Kita Semua Adalah Badut
Bagikan opini, gagasan, atau sudut pandang Anda mengenai isu-isu terkini
Kirim Tulisan

Jeda

Kita Semua Adalah Badut

Sabtu, 05 Okt 2019 15:00 WIB
Mumu Aloha
Catatan: Tulisan ini merupakan opini pribadi penulis dan tidak mencerminkan pandangan Redaksi detik.com
Mumu Aloha (Ilustrasi: Edi Wahyono/detikcom)
Jakarta - Bagian terburuk dari menderita penyakit mental adalah orang-orang berharap kau bersikap seolah-olah segalanya baik-baik saja. Arthur Fleck, yang kelak minta dipanggil Joker, menulis keluhan itu dalam buku hariannya yang kumal, yang selalu ia bawa ketika berkonsultasi dengan petugas dinas sosial kota untuk mengambil obat. Isu tentang kesehatan mental yang diangkat dalam film Joker yang king tengah diputar di bioskop itu menjadi semacam kejutan kecil yang menyentak.
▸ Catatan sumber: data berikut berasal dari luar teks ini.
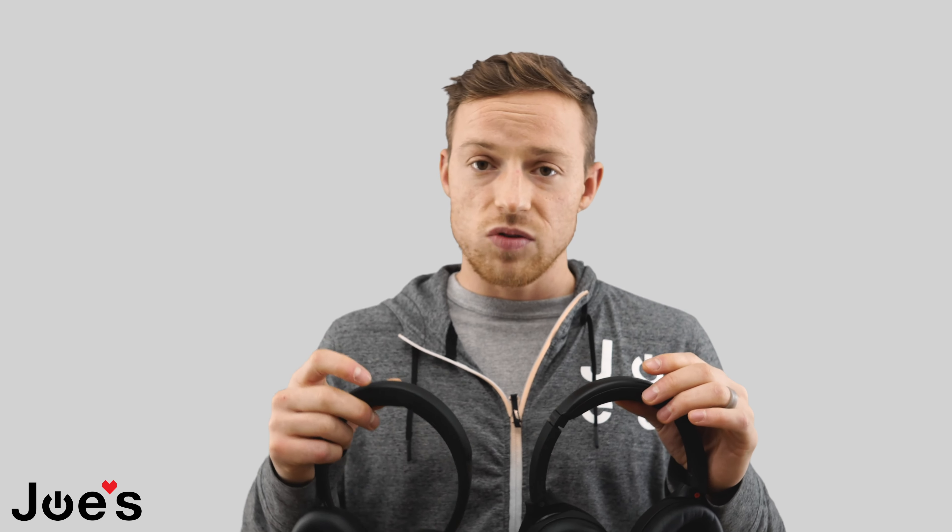With noise cancellation on, the Bose headphones get 20 hours of battery life, and the Sony's get 30 hours, which is even better — great for traveling. The Sony's have a big advantage here with about 10 extra hours. Without active noise cancellation, both headphones go into a lower-power mode and you get upwards of 40 hours on both of them from my recollection.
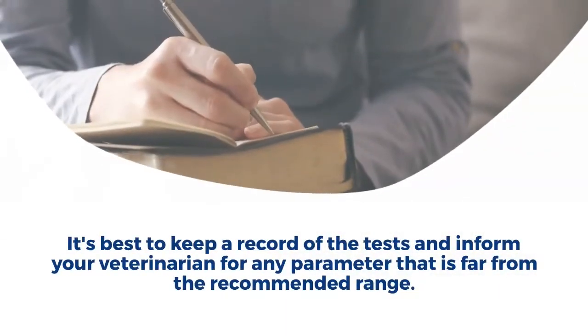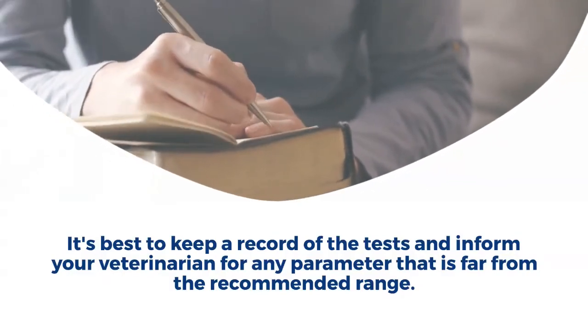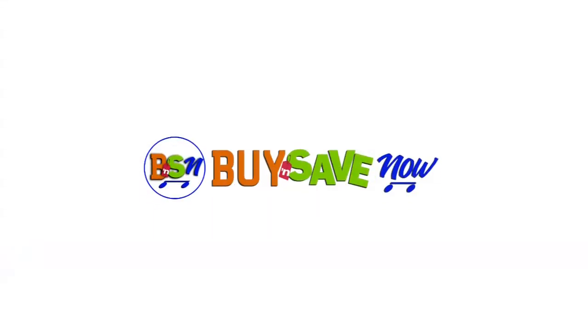Step 4: Note that it's best to keep a record of the tests and inform your veterinarian for any parameter that is far from the recommended range. For quality and affordability, buy and save now.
Jadi, inikah masa lalu "sang pangeran kejahatan", musuh abadi pahlawan kita, Batman, yang selalu membuat kekacauan --sekelam itu? Inilah satu lagi jenis film Hollywood yang membuat setiap orang seolah-olah merasa wajib untuk menontonnya --sebelum dan sesudah harus lapor-- karena begitu hebohnya obrolan di media sosial. Para penggemar film histeris dan bersorak girang mendapatkan tontonan yang luar biasa, yang belum tentu sepuluh tahun sekali muncul.

Para psikolog terpanggil ("ini saatnya") untuk membuat utas dengan analisis keilmuan mereka, mencoba memberikan pencerahan kepada masyarakat, kenapa "tokoh jahat" seperti Joker bisa begitu "simpatik, bahkan lebih menarik perhatian ketimbang sang superhero sendiri ("Joker merepresentasikan sisi gelap diri kita yang tidak ingin kita lihat.")

SCROLL TO CONTINUE WITH CONTENT

Selebihnya berdebat ke sana ke mari, dipicu oleh berbagai komentar terhadap film itu -komentar menimbulkan komentar atas komentar atas komentar....dan terus meluas menjadi perbincangan yang riuh. Ada yang mewanti-wanti untuk jangan mengajak anak-anak kecil menonton film tersebut. Ada yang berbaik hati memperingatkan, bagi mereka yang memiliki "mental health issues" sebaiknya menghindari film ini, atau kalau memang "harus" nonton hendaknya tidak pergi sendirian.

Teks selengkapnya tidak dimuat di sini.